Skip to content

nberdi/TaskFlow

Repository files navigation

TaskFlow

TaskFlow is a distributed background job queue for submitting long-running or resource-intensive tasks through a REST API and processing them asynchronously. It is designed for work such as sending emails, resizing images, generating PDFs, and notifying the caller with an optional webhook after completion.

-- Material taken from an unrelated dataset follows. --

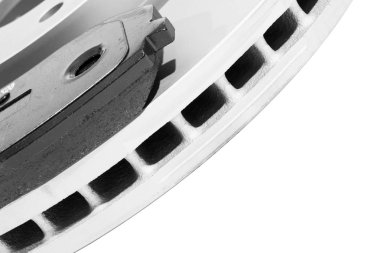 Fren diskleri ve fren balataları beyaz arka plan üzerinde izole. Otomobil parçaları. Fren disk rotor üzerinde beyaz izole. Disk fren. Araba parçası. Araba ayrıntılı. Yedek parçalar. Siyah ve beyaz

TaskFlow uses durable queue and database storage, but it does not claim true exactly-once execution. The supported production guarantee is at-least-once processing with clear job state, retries, and idempotency-friendly handler design.

How It Works

  • Submit a job via POST /api/jobs.
  • TaskFlow writes the job to PostgreSQL and enqueues it in BullMQ backed by Redis.
  • Workers pull jobs in priority order and execute the registered handler for the job's taskType.
  • On completion or final failure, TaskFlow optionally POSTs a webhook callback with the result or error.
  • The admin dashboard reads REST APIs and listens for Socket.io job:updated events to show real-time progress.

Tech Stack

Backend: Node.js, TypeScript, Express, BullMQ, Redis, PostgreSQL, Prisma, Socket.io, Axios.

Frontend: Next.js, React, Tailwind CSS, Socket.io client, Recharts.

Prerequisites

  • Node.js 18+
  • Redis
  • PostgreSQL
  • Docker and Docker Compose for local development

Step 1 — Clone and Install

git clone <your-repo-url> taskflow
cd taskflow
npm install
cd dashboard && npm install

Step 2 — Start Redis and PostgreSQL

docker-compose up -d

Step 3 — Configure Environment

cp .env.example .env

Review the values in .env before running migrations.

Step 4 — Run Migrations

npx prisma migrate dev

Step 4 — Start the Server

npm run dev

The server starts at http://localhost:3000 with workers running.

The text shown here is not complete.